Standard IP networking (ATM, E1/E3, IP) is most common. For storage‑oriented DR, options expand to include bare fiber, DWDM, SONET, SDH, or FCIP devices that leverage ATM/E1/E3/IP.
Fiber Types and Transmission Modes
Fiber is the primary transmission medium, available as single‑mode or multimode. Multimode fiber suffers from modal dispersion, limiting bandwidth over long distances (effective range 2–4 km). For distances ≥100 km, single‑mode fiber is preferred.
Traditional optical transmission standards include:
PDH (Plesiochronous Digital Hierarchy) – up to 150 Mbps.
SONET (Synchronous Optical Network) and SDH (Synchronous Digital Hierarchy) – early standards still in use, supporting 155 Mbps, 622 Mbps, 2.5 Gbps, 10 Gbps.
Wavelength Division Multiplexing (WDM) allows multiple optical signals on a single fiber. Two main variants are CWDM (coarse, 20 nm spacing) and DWDM (dense, 0.2–1.2 nm spacing). DWDM is the mainstream technology.

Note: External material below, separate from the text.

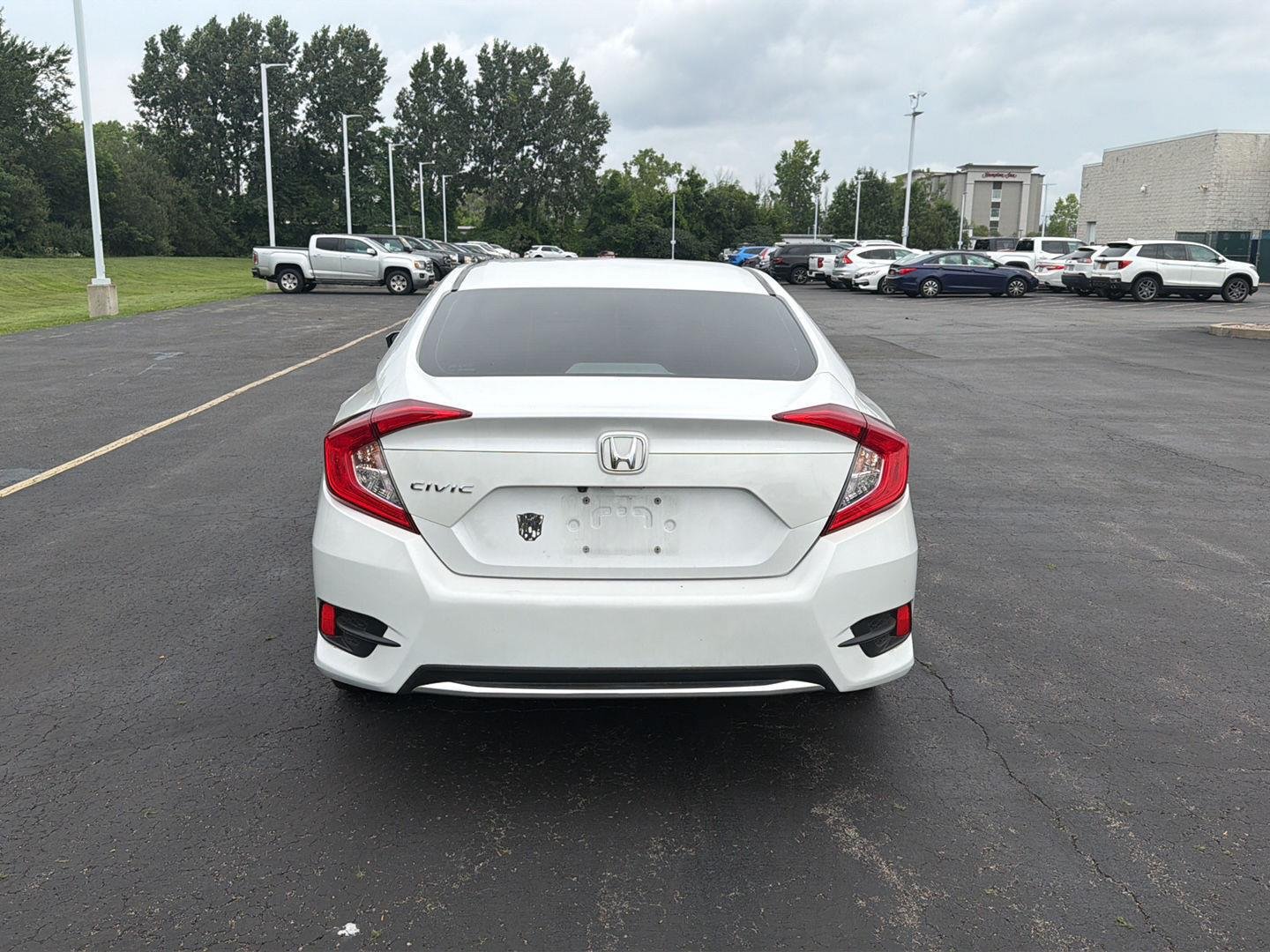 Used 2020 Platinum White Pearl Honda LX image 6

Typical single‑wavelength rates: 2.5 Gbps, 10 Gbps, 40 Gbps, 100 Gbps, 200 Gbps. A fiber can carry 32, 40, 80, 96, 106, or 160 wavelengths; 40‑ and 80‑wave systems are common.
Multiplexing Options
To maximize bandwidth utilization and reduce cost, multiplexing techniques split a physical channel into multiple logical channels. Common methods are:
Frequency Division Multiplexing (FDM)
Time Division Multiplexing (TDM)
Code Division Multiplexing (CDM)
In DR fiber links, FDM and TDM are most widely used.
SDH Overview
SDH, based on SONET, is an international standard for synchronous digital transmission, multiplexing, and cross‑connection. It packages PDH, ATM, IP, etc., into STM‑N frames for transport, using synchronous and flexible mapping (essentially TDM).
WDM and DWDM Details
Before WDM, long‑distance links carried a single SDH/SONET signal per fiber pair, requiring OEO regeneration every ~80 km, which is costly. DWDM systems amplify multiple wavelengths simultaneously using EDFAs, spreading regeneration cost across channels and lowering per‑bit cost.
First‑generation DWDM supported up to ~640 km without electrical regeneration, typical for metro core networks. Third‑generation LHDWDM with ULH technology can reach 3000 km without OEO regeneration, suitable for long‑haul backbones.
Choosing the Right Link Based on Distance and Cost
Guidelines:
For DR distances around 100 km, a metro‑level WDM network is recommended.
For distances ≥1000 km, options include SDH networks, long‑haul DWDM, or hybrid SDH+WDM solutions.
DWDM System Components
A typical DWDM node consists of:
Wavelength conversion : converts services to appropriate optical wavelengths (includes transceivers).
MUX : combines multiple wavelength signals onto a single fiber.
DEMUX : separates wavelengths at the receiving end.
DCM : optional dispersion compensation module.
Optical amplifier : boosts optical power (e.g., EDFA).
Fiber : the transmission medium.
DWDM wavelengths are often called “colored” light to distinguish them from the “grey” wavelengths used in SDH or other legacy systems.